Did you know that Santa Claus (or St. Nicholas, the patron saint of children, students, unmarried girls, sailors, and ... thieves(!)) was born in Turkey? Did you know that Mary (the mother of Jesus) is believed by many to have died in Turkey, near Efes (formerly Ephesus, a well-known place to those who've read the New Testament)? Many other biblical/Christian personalities and sites are spread all across Turkey, making this country much more of a religious crossroads than many would want to believe. More samples? Mt. Ararat, where Noah is said to have stepped off the Ark after the Deluge, is in Turkey.

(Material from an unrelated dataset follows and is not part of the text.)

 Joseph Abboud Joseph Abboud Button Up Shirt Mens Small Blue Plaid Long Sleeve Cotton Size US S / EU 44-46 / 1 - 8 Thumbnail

Some of the earliest Christian communities lived in Anatolia, and went into hiding in the out-of-this-world landscape of Cappadocia when Arab raiders swarmed into the area. Their underground and troglodyte cities feature some of the most beautiful Byzantine art. istanbul is of course THE treasure-house of Byzantine art.

Of course, today, Turkey is a predominantly Muslim country. For instance, Mevlana, the Afghan Islamic mystic (Sufi, actually) who lived and died in Konya, wrote books that are among the most influential ones of Islam right after the Qu'ran and the Hadeeth (an account of the life of the prophet Mohammed). His preaching of equality of all people, regardless of their sex, race, or religion, ought to be mandatory reading everywhere. I even heard that the Turkish women's liberation movement quotes him (gasp!) as one of their forerunners!

Last Sunday, I went to Konya to watch the world-famous performance of the "Whirling Dervishes" of the local Mevlana order. This dance is performed in memory of Mevlana's death-day, and is a religious dance, not a folk dance. Also, it is a meditation dance, not a dance to show off and make converts. It was a very impressive event. A small orchestra performs some very mystical music on traditional instruments (especially the "ney" flute), and accompanies a choir. After a while, the head of the order steps forward, followed by the dancers, and they ceremoniously shuffle around in a large circle in a very dignified and meditative way. Eventually, the dancers one-by-one get their "blessings" from their leader and start whirling around. First, they make a few spins with their arms crossed over their chest, and then they extend their arms (one hand facing the sky, the other hand facing the earth) and start spinning around the square, their ample white robes floating around their bodies. The rotation speed is quite high, and this goes on, with short interruptions, for over an hour! It is quite amazing that nobody fainted or even stumbled, even though some of the dancers looked quite old. A breathtaking performance! I also visited the Mevlana Museum, a highlight of every trip to Turkey with its masterpieces of Islamic Art.